How We Compiled This Data
The stats in this article come from a combination of BuiltWith technology tracking, Exploding Topics’ analysis, Store Leads’ live-store database, StoreInspect’s detailed sample study, and Cropink’s live-vs-active verification. We cross-referenced multiple sources to ensure accuracy and clearly noted where methodologies differ.

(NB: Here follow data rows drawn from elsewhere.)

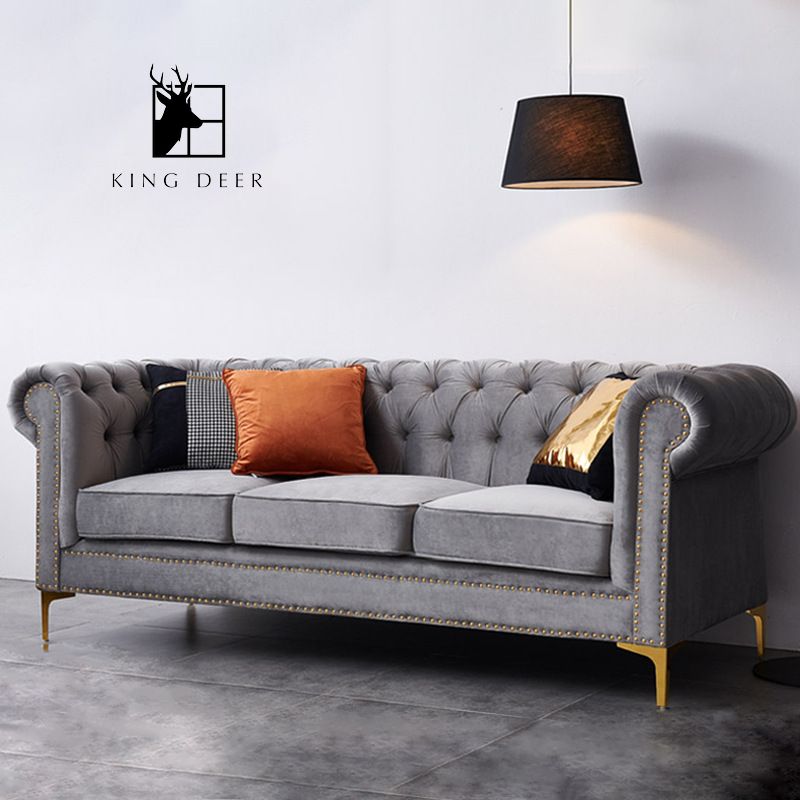 SFKD-0324 Ghế sofa Phedra bọc nỉ nhung hiện đại, SFKD-032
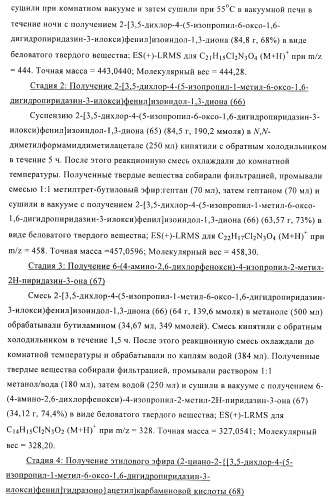 Производные пиридазинона в качестве агонистов рецептора тиреоидного гормона (патент 2379295)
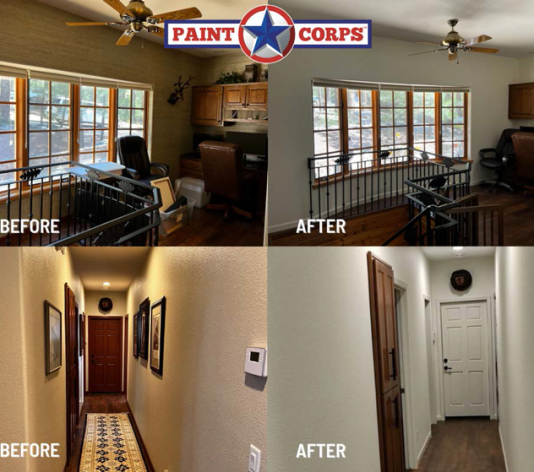before and after new interior paint job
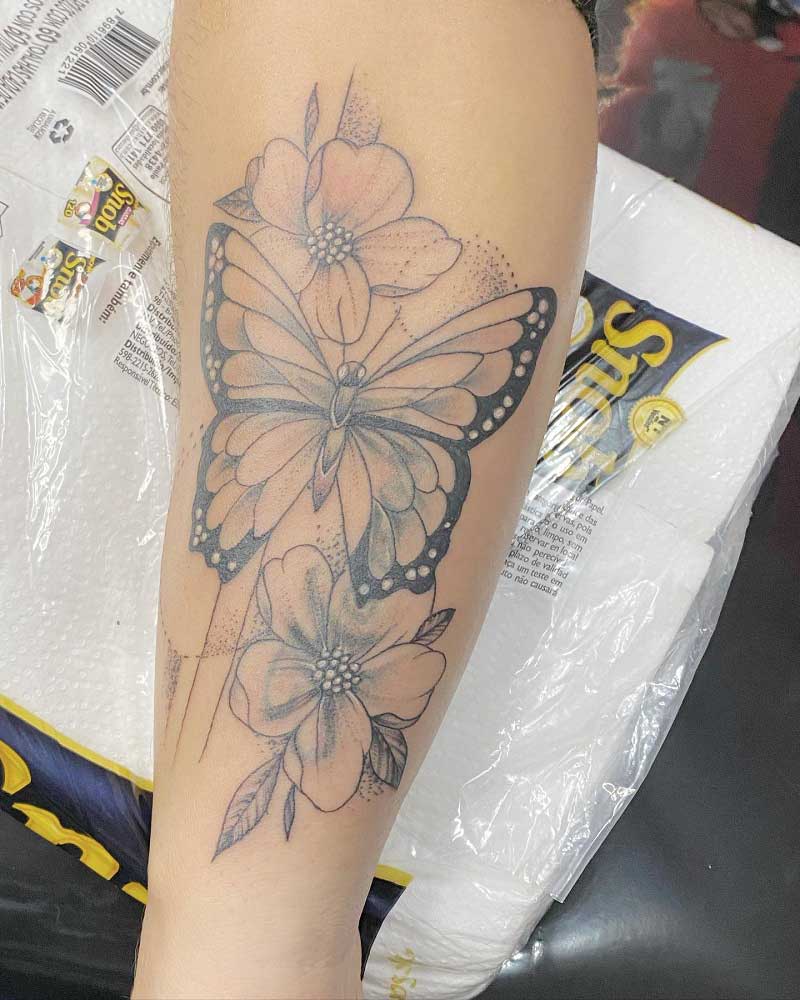 butterfly-lotus-tattoo-2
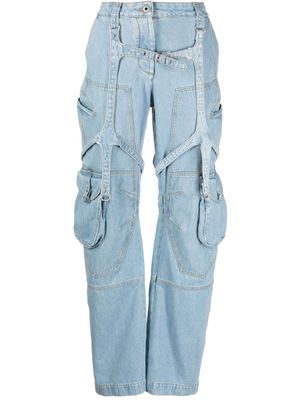 Off-White Bleach Cargo wide-leg jeans - Blue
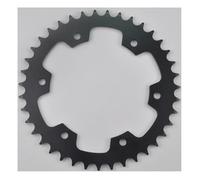 NKURTPC Pignone Motore Anteriore Corona Posteriore per Moto 520 Chain Adatta per Suzuki DR350 TSR125 TSR200 DR-Z400 RS175 RM100 RM250 Kit Corona Catena(39T)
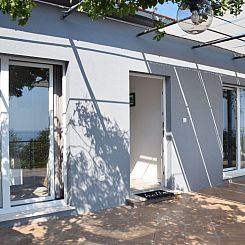 Vakantiehuis mit Blick auf das Wasser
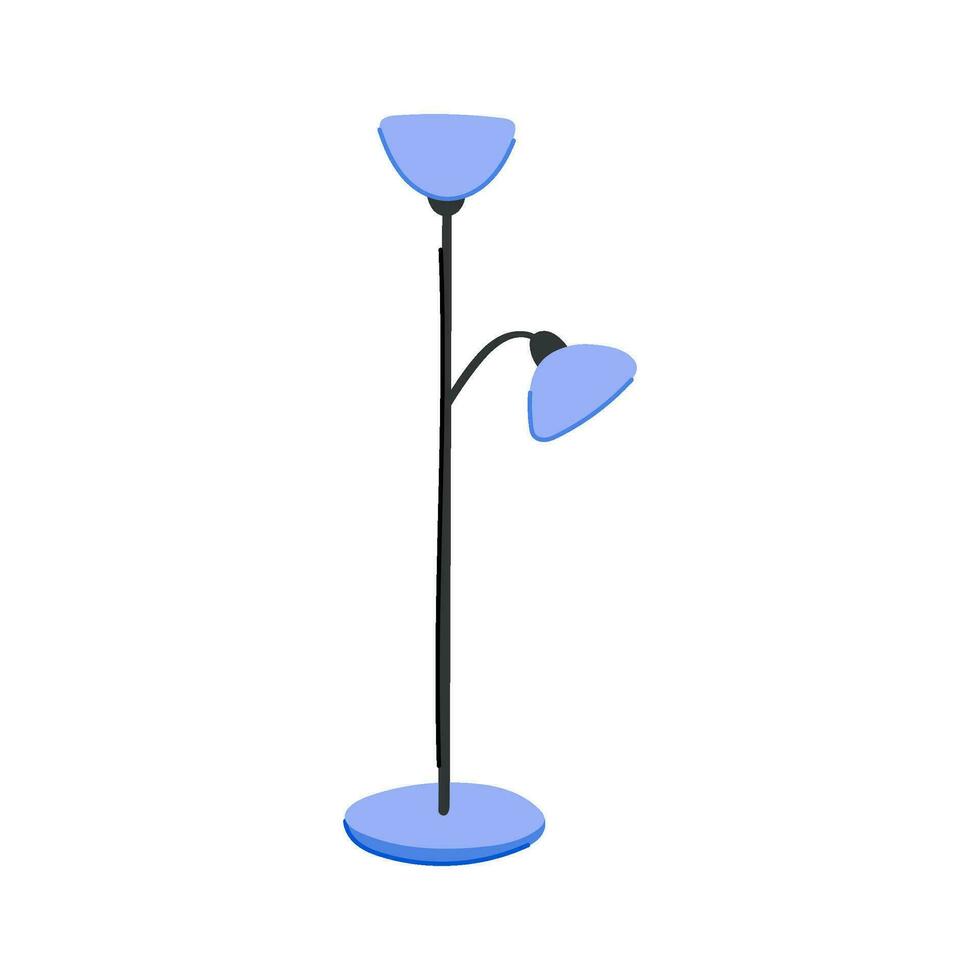 illustration vectorielle de dessin animé objet lampadaire vecteur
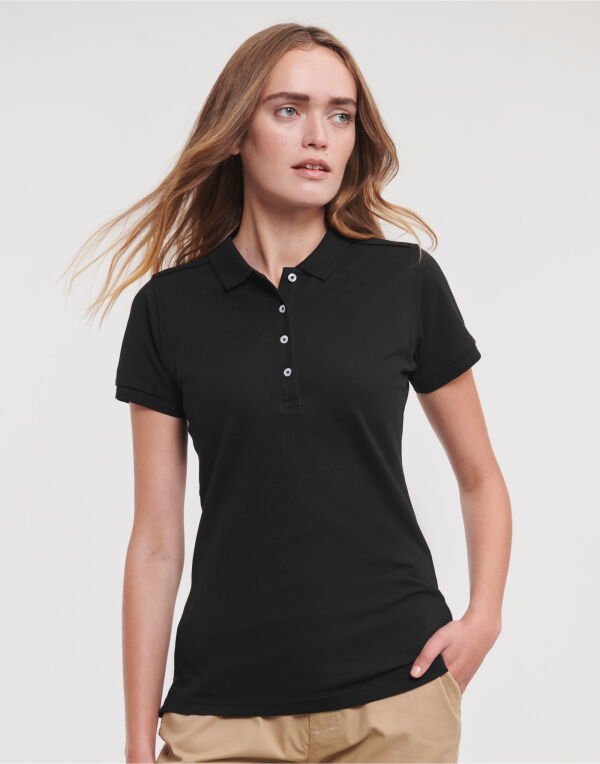 Light Oxford Ladies’ Fitted Stretch Polo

Where numbers conflict between sources, we’ve presented the range and explained why the discrepancy exists. For the most up-to-date figures, we recommend checking BuiltWith’s Shopify dashboard and Exploding Topics’ regularly updated store-count page.
The Bottom Line
Shopify has roughly 6.9 million live stores and close to 12 million created all-time. It pulls in 350+ million monthly visits, controls ~30% of US ecommerce, and operates in virtually every country on the planet.
But the raw numbers only tell part of the story. The real number of stores that are actively trading and competing for customers is closer to 2.5–3.5 million. Most are small catalogs. Many are in the Apparel, Home, and Beauty spaces. And the ones that succeed tend to be the ones that take design, branding, and customer experience seriously.
If you’re building on Shopify in 2026 — or thinking about it — the opportunity is still enormous. The platform isn’t going anywhere, and the merchants who invest in standing out (not just showing up) will be the ones who thrive.